Elle est de retour à Alger en 1951. (Cf lien.)  

    

« A mon retour à Alger, je me suis inscrite à l’école Pigier en 1951. Des militants m’ont proposé une place à la mairie mais je ne voulais pas travailler à la solde de l’administration. J’ai travaillé jusqu’en 1955 chez un avocat français, maître Boyer qui était un homme bien.

Du point de vue militantisme, pour moi de 1949 à 1955 c’est le grand vide. J’ai commencé à militer en août 1955. Un instituteur d’une école libre, Hocine el Milli, avec lequel je discutais des évènements politiques et auquel j’avais dit que je cherchais un contact m’a mise en relation avec Nassima Heblal. Je faisais la liaison entre Abane Ramdane et Rachid Amara. Abane m’a tout de suite demandé si je savais taper à la machine et si je savais conduire. Je savais taper à la machine et j’ai appris à conduire. Je travaillais chez l’avocat et je m’arrangeais pendant mon travail pour taper des stencils pour des tracts. “L’Appel aux intellectuels, par exemple.
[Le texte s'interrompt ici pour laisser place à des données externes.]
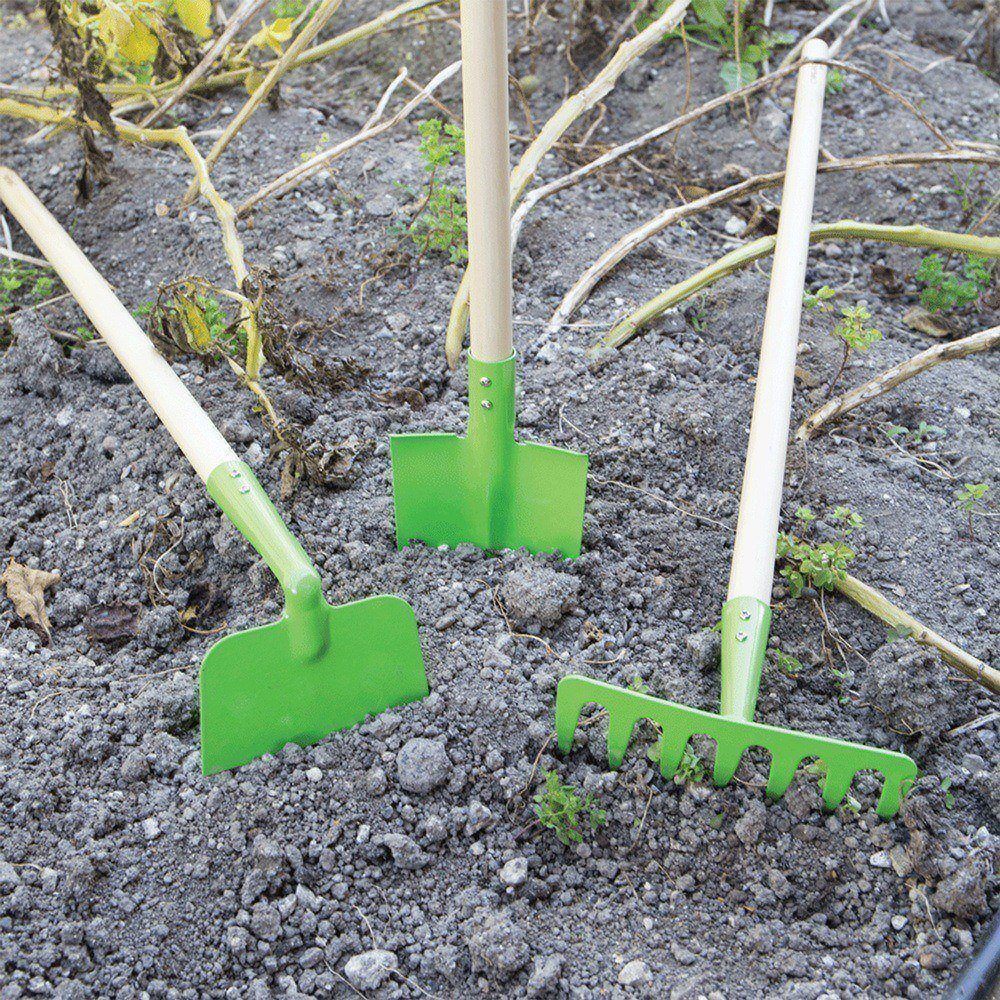 Long Handled Soil Children’s Rake | Gardening & Nature | Bigjigs Toys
Cela a duré jusqu’à l’arrestation d’Amara.  Un militant qui était gargotier m’a avertie de l’arrestation de Mohamed Lounis et de Rachid Amara. J’ai tout de suite été prévenir Nassima, elle habitait près du Jardin d’Essai. Ils étaient en train de l’arrêter, elle était menottée, je n’en revenais pas ! j’avais des tracts et une lettre pour Abane dans ma serviette.  Je leur ai dit que je venais inviter madame Heblal, sa mère, de la part de la mienne. Ils étaient en train d’interroger Nassima, ils m’ont demandé mon identité et m’ont laissée repartir. Ils voulaient certainement me filer. Je me suis mise à réfléchir rapidement. J’ai pris le tramway vers le Champ de Manœuvre, j’ai vu une 2CV grise qui suivait et sans doute un policier dans le bus. Je suis alors rentrée directement chez moi, sans aller voir personne. A la maison j’ai déchiré tous les documents que j’avais. Ma mère disait : « Ah, maintenant tu as peur ! « Non, je prends des précautions. » Puis je lui ai demandé d’aller à la faculté attendre Hafsa Bisker pour la prévenir de l’arrestation de Nassima.

Je faisais les vitrines, je jouais à la jeune fille sage.  Pendant quinze jours j’ai perdu le contact. Je me suis tenue bien tranquille, je travaillais et à la sortie du bureau ils m’attendaient avec leurs chapeaux et leurs gabardines.

Le 24 décembre 1955, Mohamed Ben Yahia est venu me voir au bureau et m’a prévenu que Abane voulait me voir. Je l’ai trouvé à son refuge avec Ouamrane, il m’a demandé de prendre le maquis sans avertir ma famille mais je voulais prévenir ma mère, j’ai insisté. Ouamrane lui a dit de me laisser y aller. J’ai laissé un mot dans la corbeille à pain pour ma mère. Ne m’attendez pas, je pars au maquis. Je vous embrasse.

Je suis repartie au refuge, j’insistais pour partir au maquis. Abane me disait : que vas-tu faire là-bas ? Tu vas attraper des poux.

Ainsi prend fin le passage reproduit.